# Your instructions
Retype the lines below exactly, from the one that contains "The golden temple,amritsar" through the last, and leave every picture out.

# Data for this exercise
-----

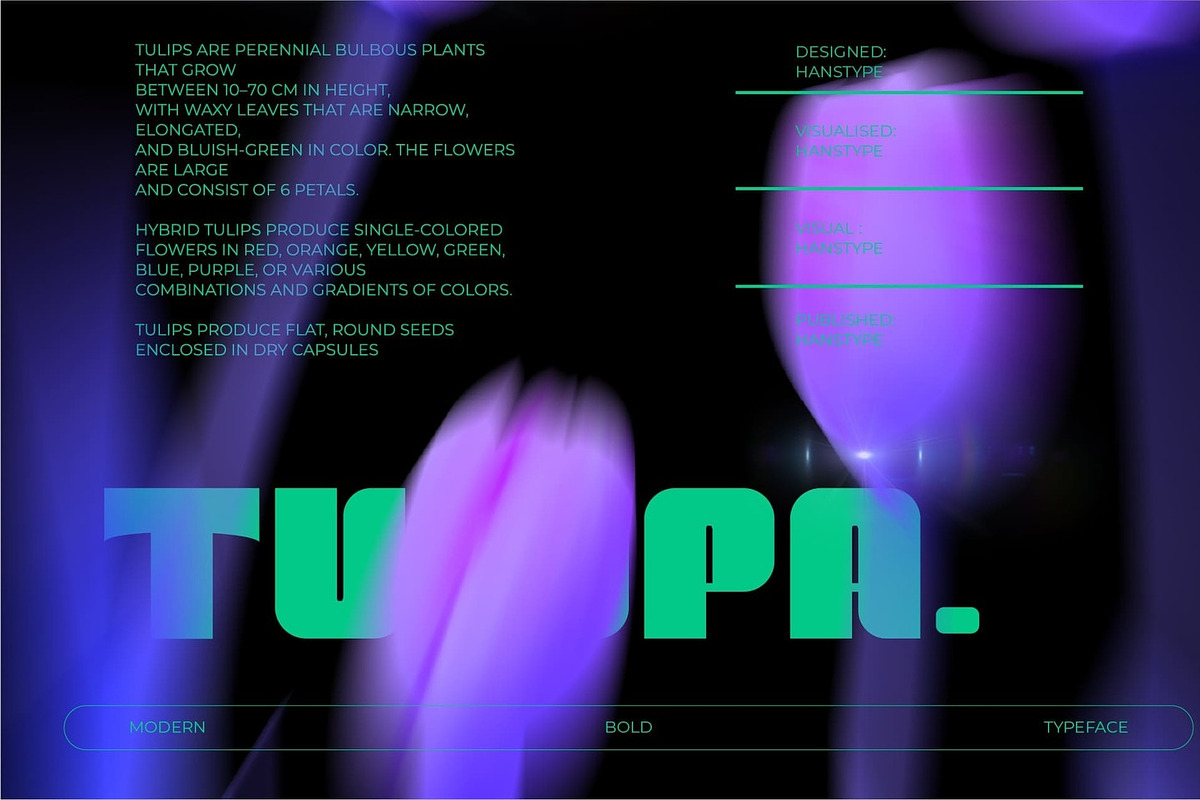 Nightcrest - Bold Font, a Font by Hanstype.com (Photo 6 of 11)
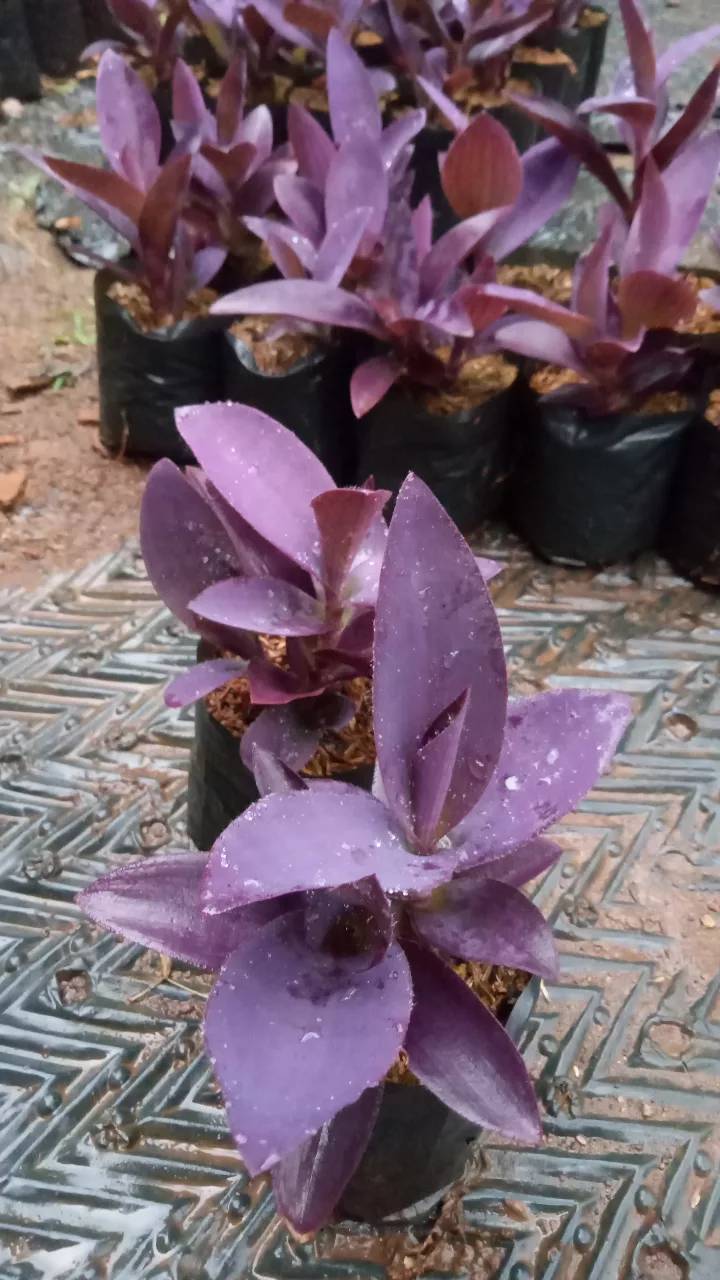 Adam Hawa (Rhoeo discolor) – Tanaman Hias Outdoor & Indoor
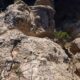 031 Via Ferrata Cueva Mona Linares Mora Rocjumper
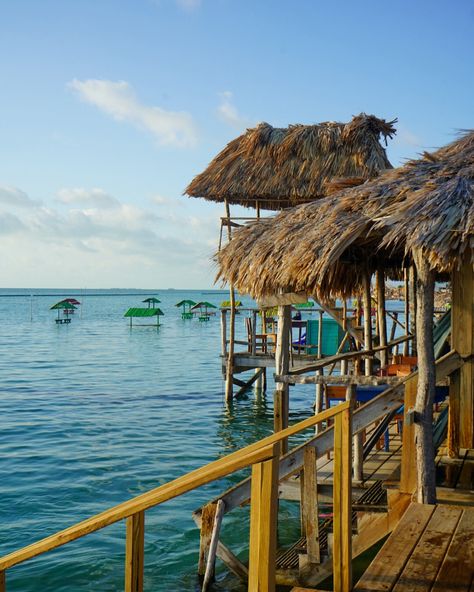 Sometimes, you just need a solo trip, and I think you should do it in Belize🇧🇿 I’m excited to share my eight-day solo adventure to Belize over the coming weeks. My goal for this trip was to explore beyond the Cayes and see what mainland Belize offers. I spent three days in San Ignacio, Hopkins, and San Pedro, which all provided unique experiences. I loved exploring the ruins and natural beauty in San Ignacio (though the heat was whewww). Still, Hopkins absolutely stole my heart—a smaller ... Belize Architecture, Hopkins Belize, Dangriga, Belize Food, Travel Belize, Belize Beach, Belize Resorts, Solo Adventure, Solo Trip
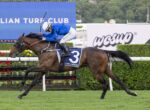 Horse racing scene: jockey in blue silks riding a brown horse with number 3 sash during a race on a grass track in front of sponsor banners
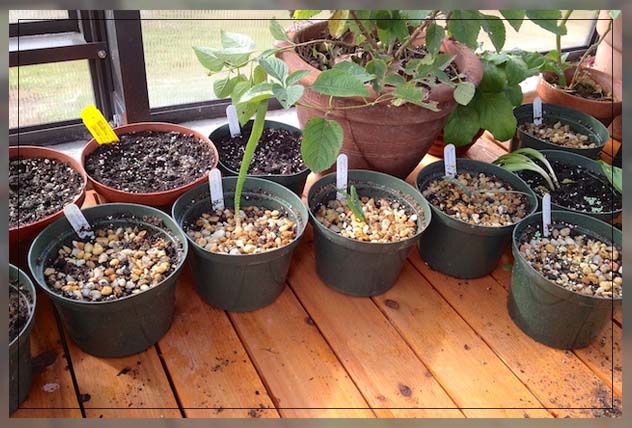 adapting chicken grit for plants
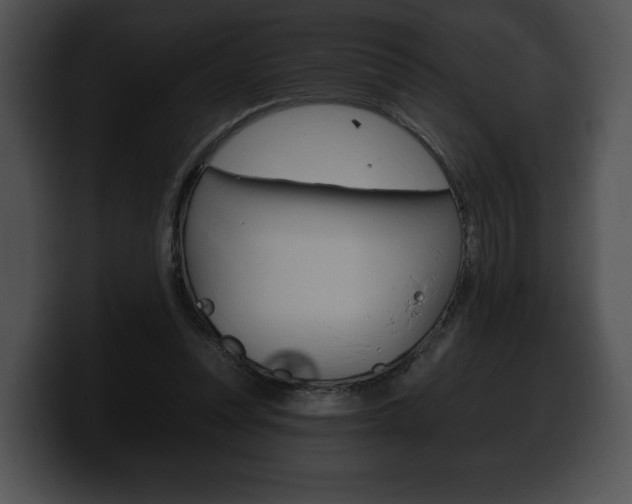 X0000100500351200806130734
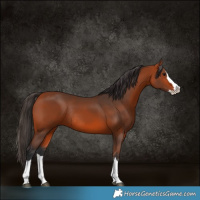 Horse Color:Bay Splash Rabicano 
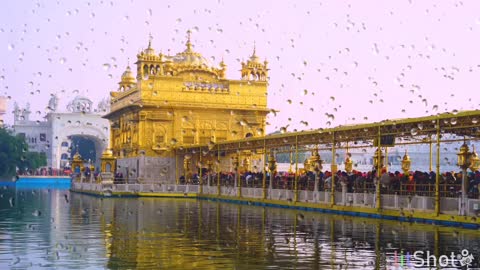 The golden temple,amritsar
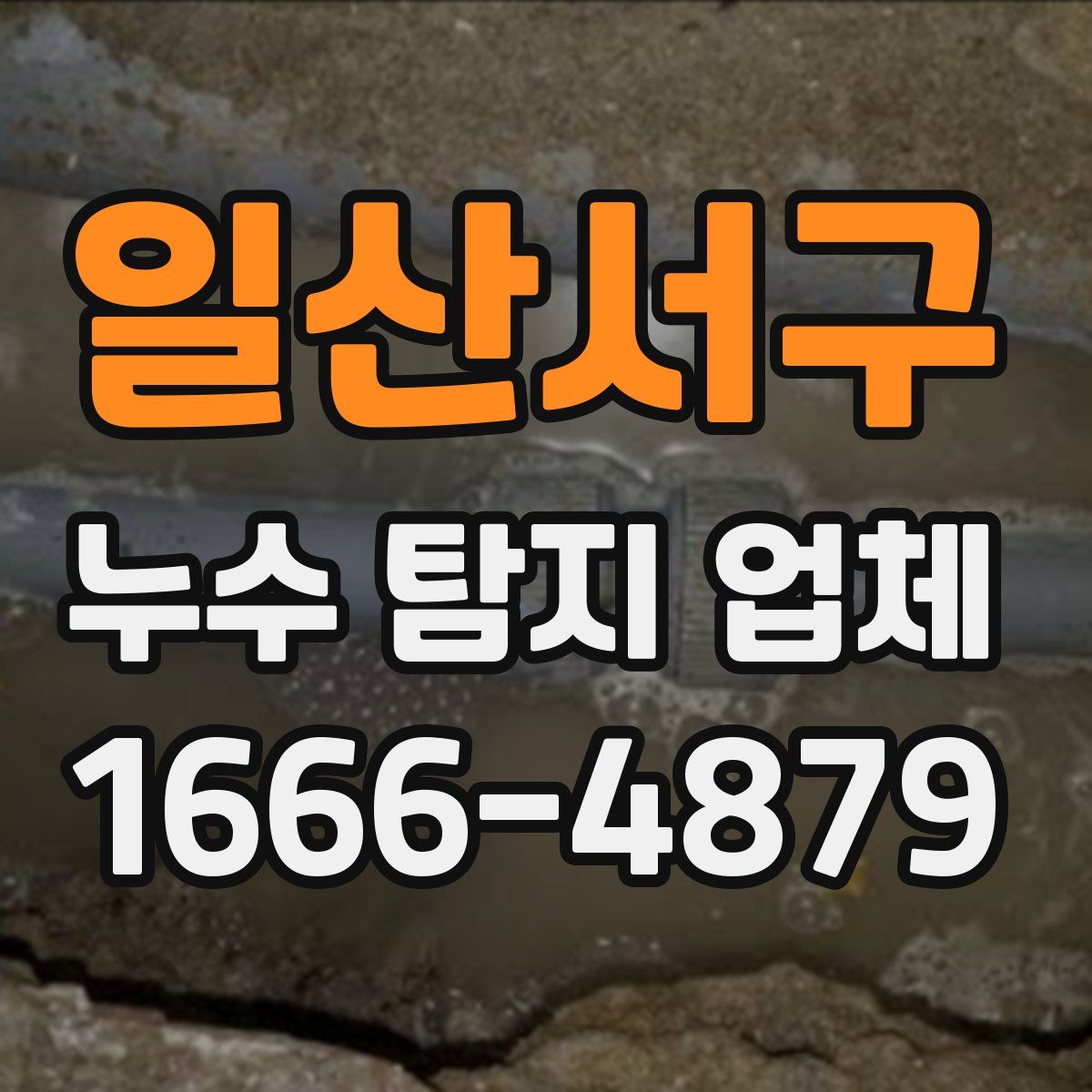 일산서구 누수 탐지 업체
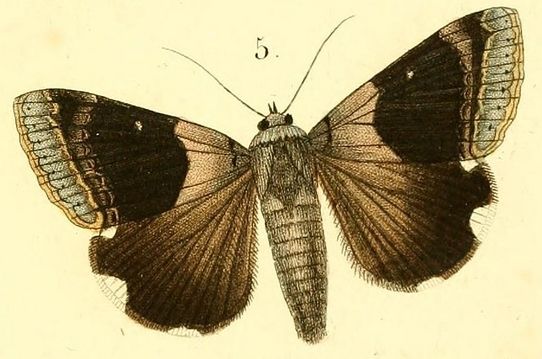 File:Pl.15-05-Achaea lienardi (Boisduval, 1833).jpg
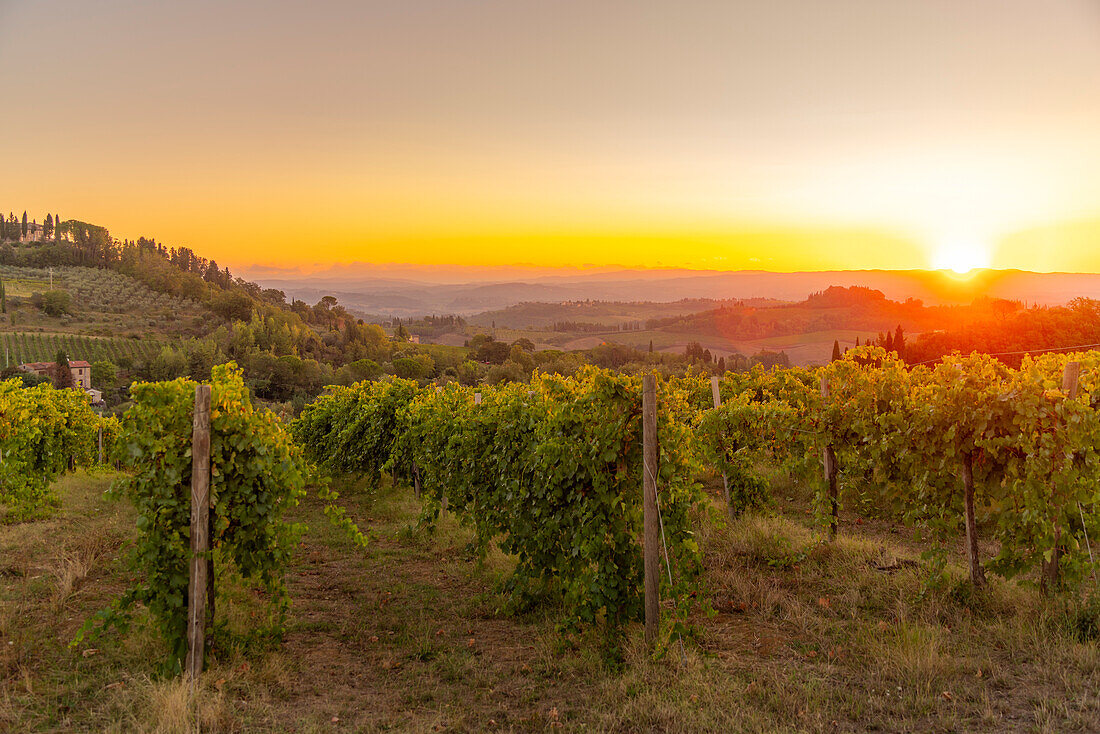 View of vineyards and landscape at sunrise near San Gimignano,San Gimignano,Province of Siena,Tuscany,Italy,Europe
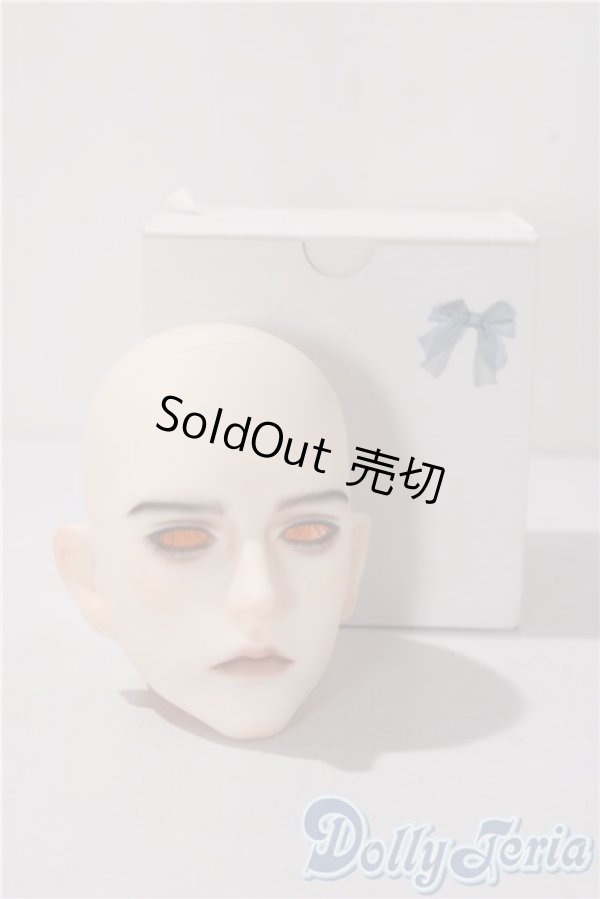 画像5: Ufdoll/カスタムヘッド A-25-11-12-1100-TN-ZU (5)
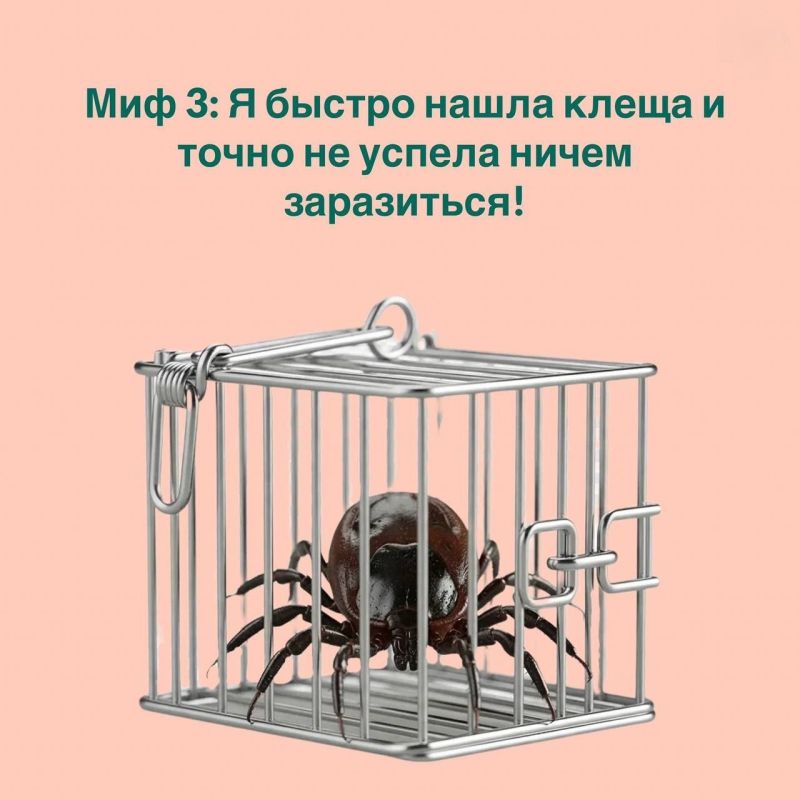Клещи не спят: как защитить себя и детей Клещи не спят: как защитить себя и детей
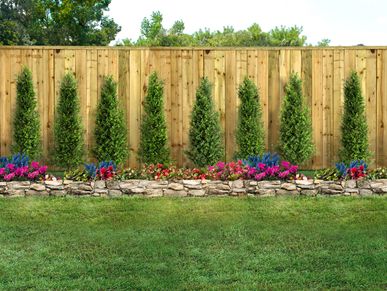 A neatly landscaped garden with tall green shrubs and colorful flowers in front of a wooden fence.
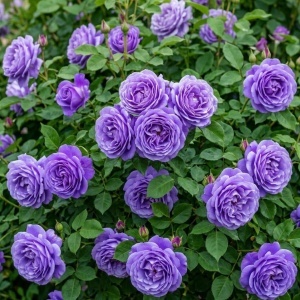 Trandafir Floribunda Parfumat Violet Mist- Radacina ambalata- Anul 2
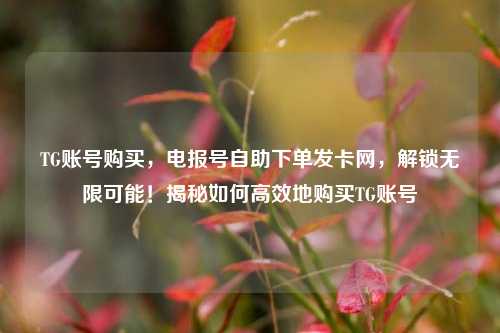 TG账号购买，电报号自助下单发卡网，解锁无限可能！揭秘如何高效地购买TG账号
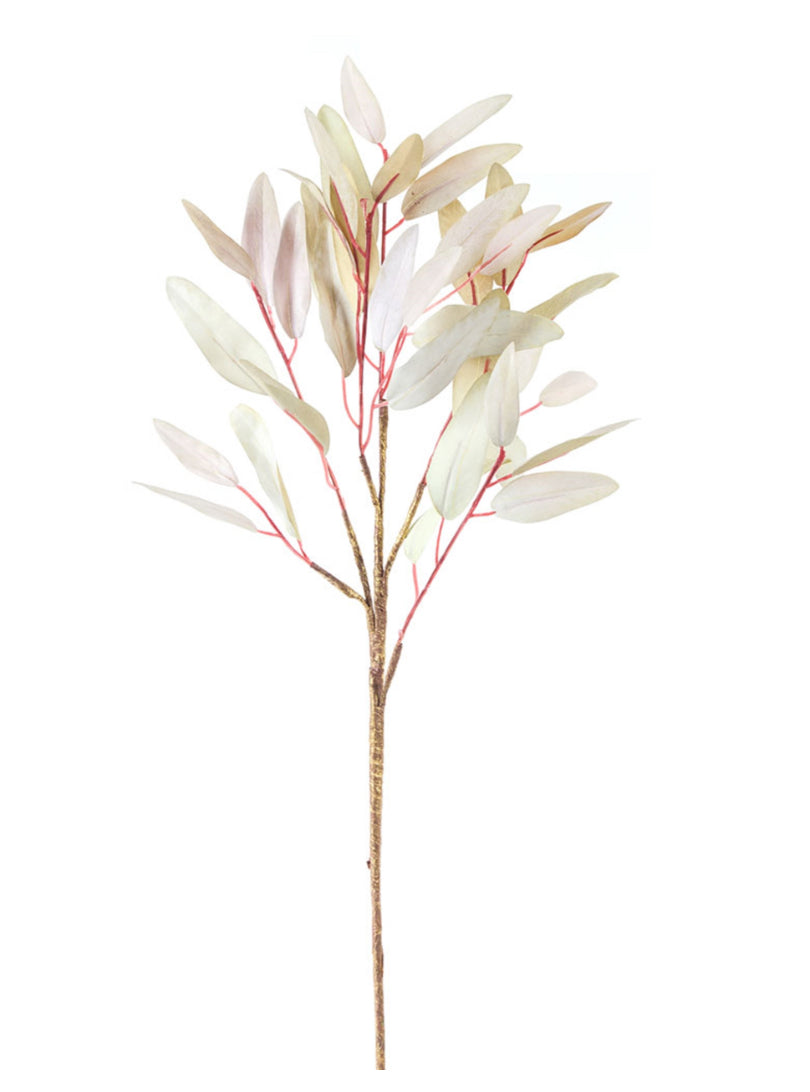 Eucalyptus Spray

-----

# Written solution
 The golden temple,amritsar
 일산서구 누수 탐지 업체
 File:Pl.15-05-Achaea lienardi (Boisduval, 1833).jpg
 View of vineyards and landscape at sunrise near San Gimignano,San Gimignano,Province of Siena,Tuscany,Italy,Europe
 画像5: Ufdoll/カスタムヘッド A-25-11-12-1100-TN-ZU (5)
Клещи не спят: как защитить себя и детей Клещи не спят: как защитить себя и детей
 A neatly landscaped garden with tall green shrubs and colorful flowers in front of a wooden fence.
 Trandafir Floribunda Parfumat Violet Mist- Radacina ambalata- Anul 2
 TG账号购买，电报号自助下单发卡网，解锁无限可能！揭秘如何高效地购买TG账号
 Eucalyptus Spray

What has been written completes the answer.